---- DATA

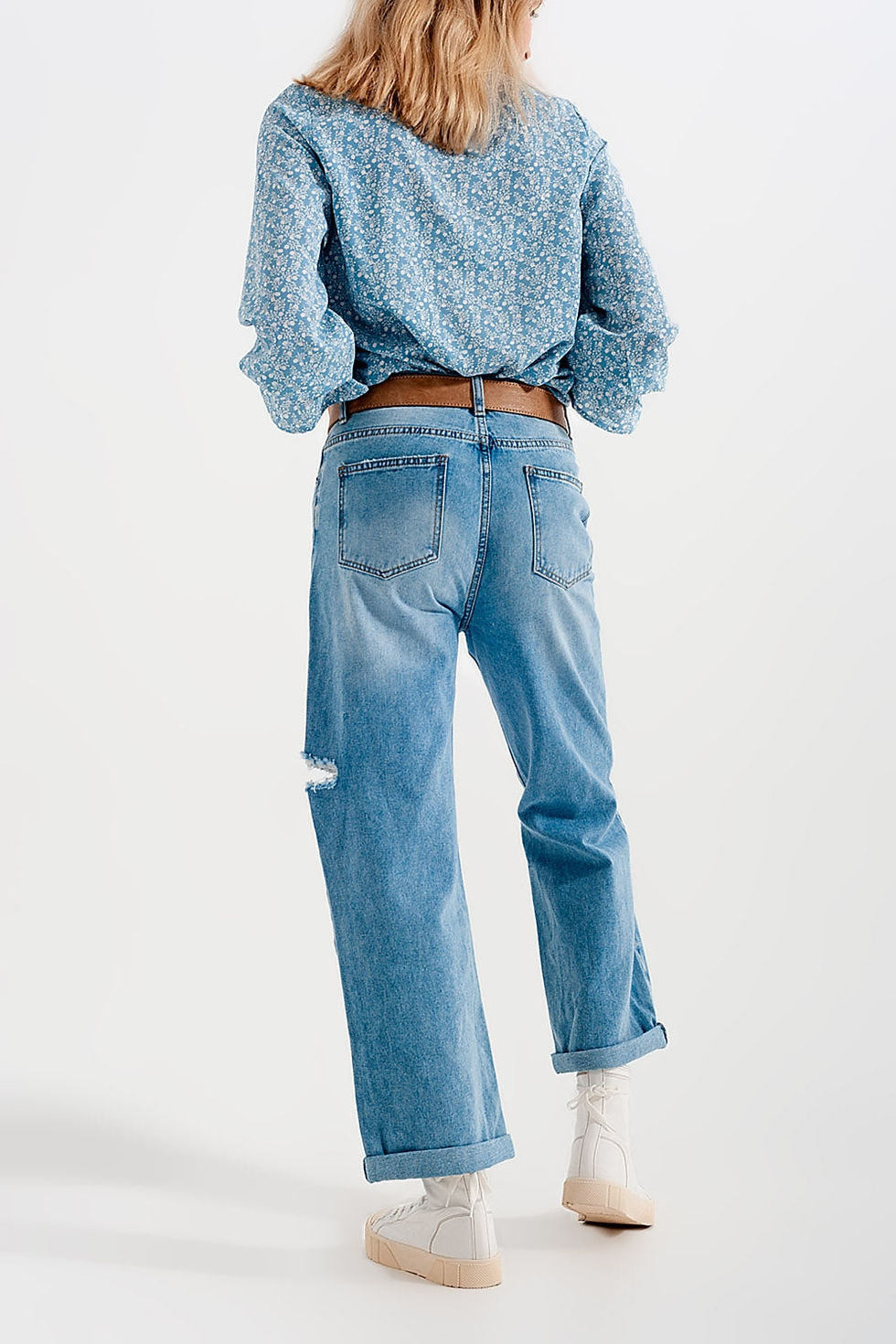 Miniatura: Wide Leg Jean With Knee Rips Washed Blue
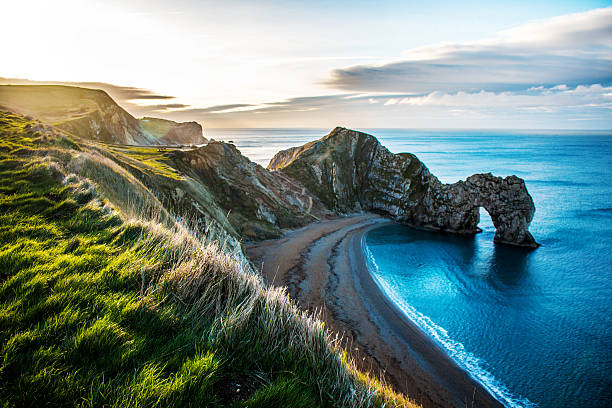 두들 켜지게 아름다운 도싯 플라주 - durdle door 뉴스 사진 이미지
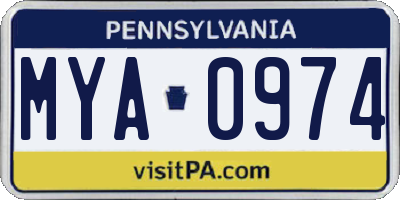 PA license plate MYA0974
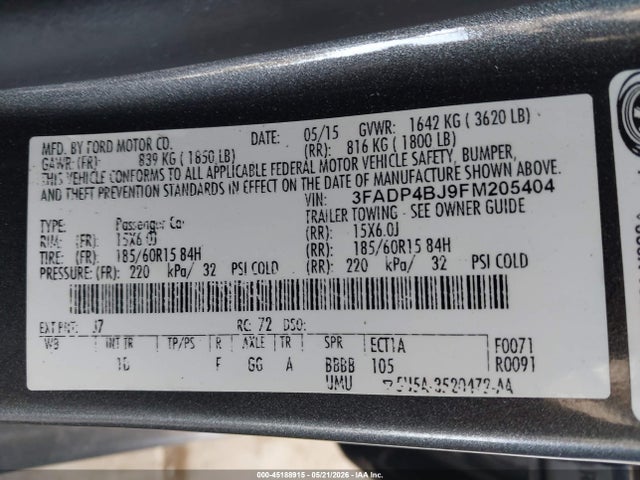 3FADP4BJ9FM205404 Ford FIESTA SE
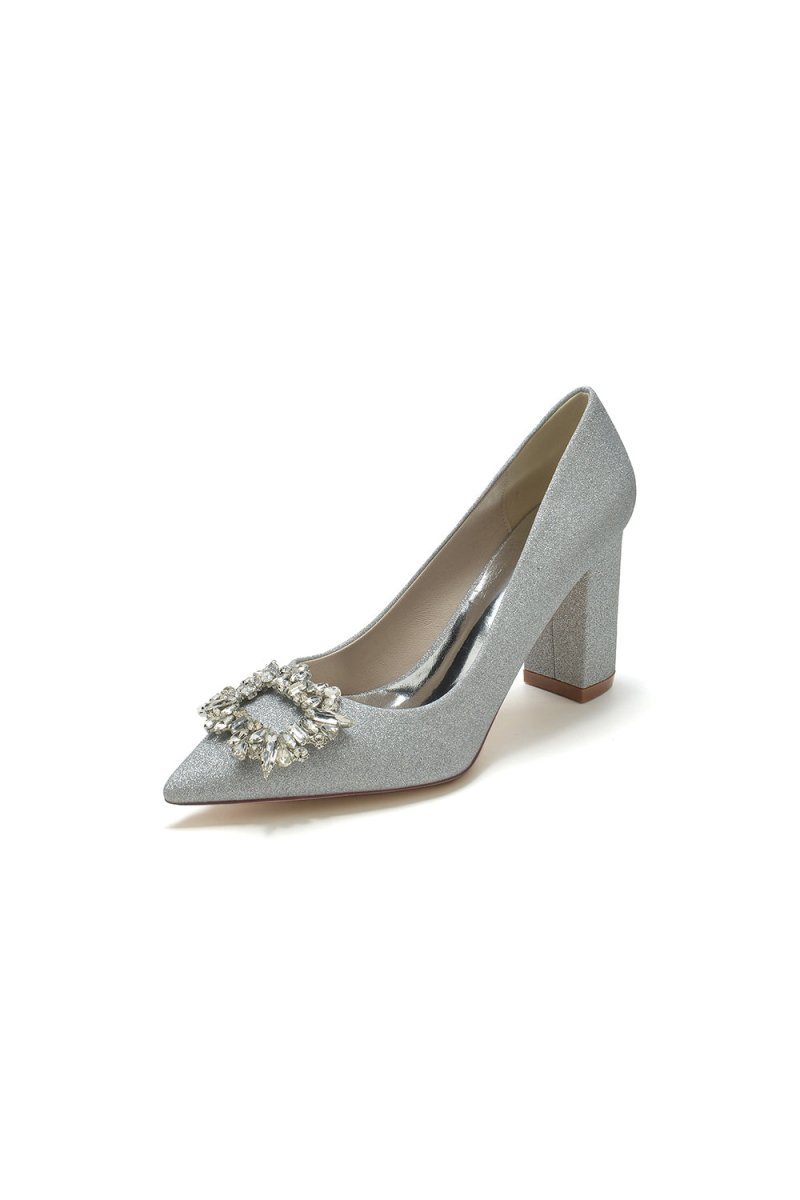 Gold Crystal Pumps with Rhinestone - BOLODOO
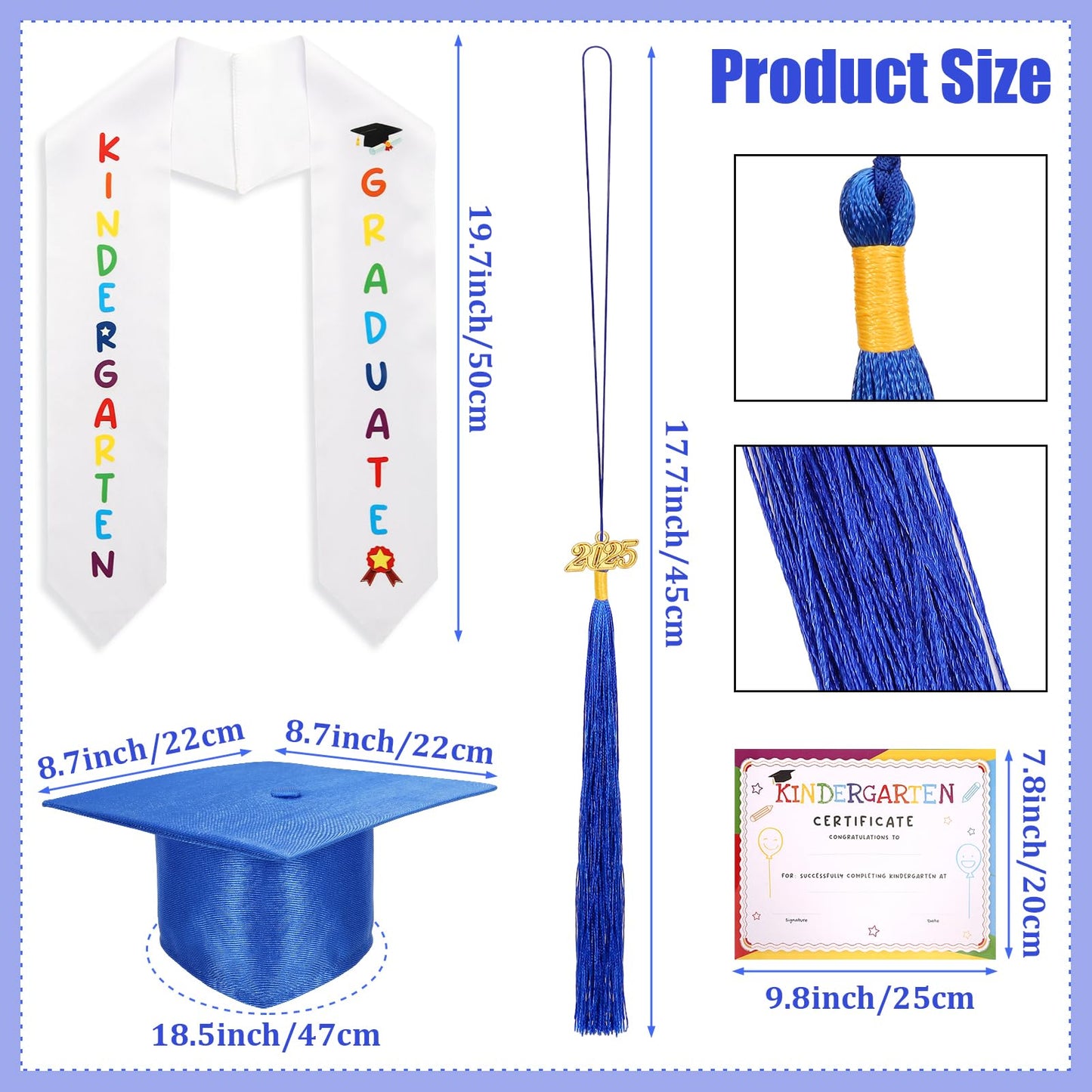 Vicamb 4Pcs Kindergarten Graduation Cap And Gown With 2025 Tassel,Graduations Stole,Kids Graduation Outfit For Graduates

--------

- **EXERCISE AIM**
Exactly as written, give again every line from the one containing "3FADP4BJ9FM205404 Ford FIESTA SE" through the last line of the material, both included, with the pictures left out.

- **EXERCISE RESULT**
 3FADP4BJ9FM205404 Ford FIESTA SE
 Gold Crystal Pumps with Rhinestone - BOLODOO
 Vicamb 4Pcs Kindergarten Graduation Cap And Gown With 2025 Tassel,Graduations Stole,Kids Graduation Outfit For Graduates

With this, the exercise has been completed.